For the GPS variant, I used an LDO to derive 3.3 volts from the 15 volt power input. That was ok because the current requirements for the ATTiny and GPS chip were small enough that the high voltage drop didn't make for too much power dissipation. But for a Pi Zero, that's no longer a reasonable assertion. In the past, most of the buck converters I had used either had a low maximum input voltage, or were just controllers, and required external diodes and in some cases MOSFETs. However, for this project, I discovered the AP63205WU buck converter. It has a spectacularly wide input voltage range and a synchronous rectifier, so it only requires input and output capacitance, an inductor, and a single, small bootstrap cap. The result powers the Pi perfectly, so far as I can tell.

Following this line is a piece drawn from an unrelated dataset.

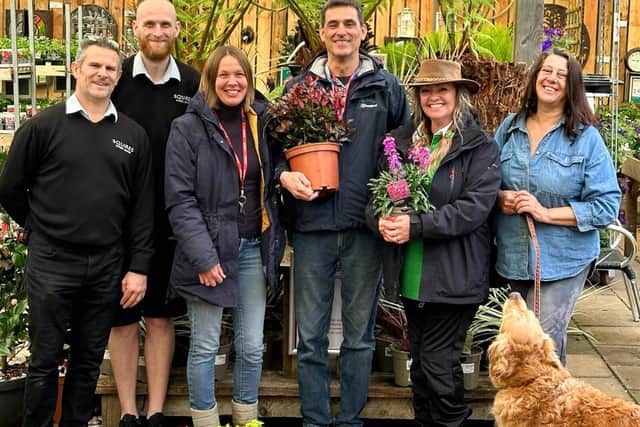 Squire’s Reigate make a presentation to Surrey Care Trust (Gateway Community Garden)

The MOSFET circuitry is almost the same as the GPS version, but I added pull-down resistors to the gates because most of the time the GPIO pins are in a high-impedance state and it was important to anchor the gates to the inactive state.

There's also a console interface that breaks out the serial pins on the Pi, including a diode-resistor level shifter to allow the RX pin to be 5v TTL safe.

Python support for Raspberry Pi GPIOs is particularly mature, so I wrote a little python script to actually do the chiming. It runs out of cron, and the script is set up to run in the minute before the quarter (so, 14,29,44,59). The script waits carefully for the correct second and then exercises the GPIOs to chime the same way as the embedded variant.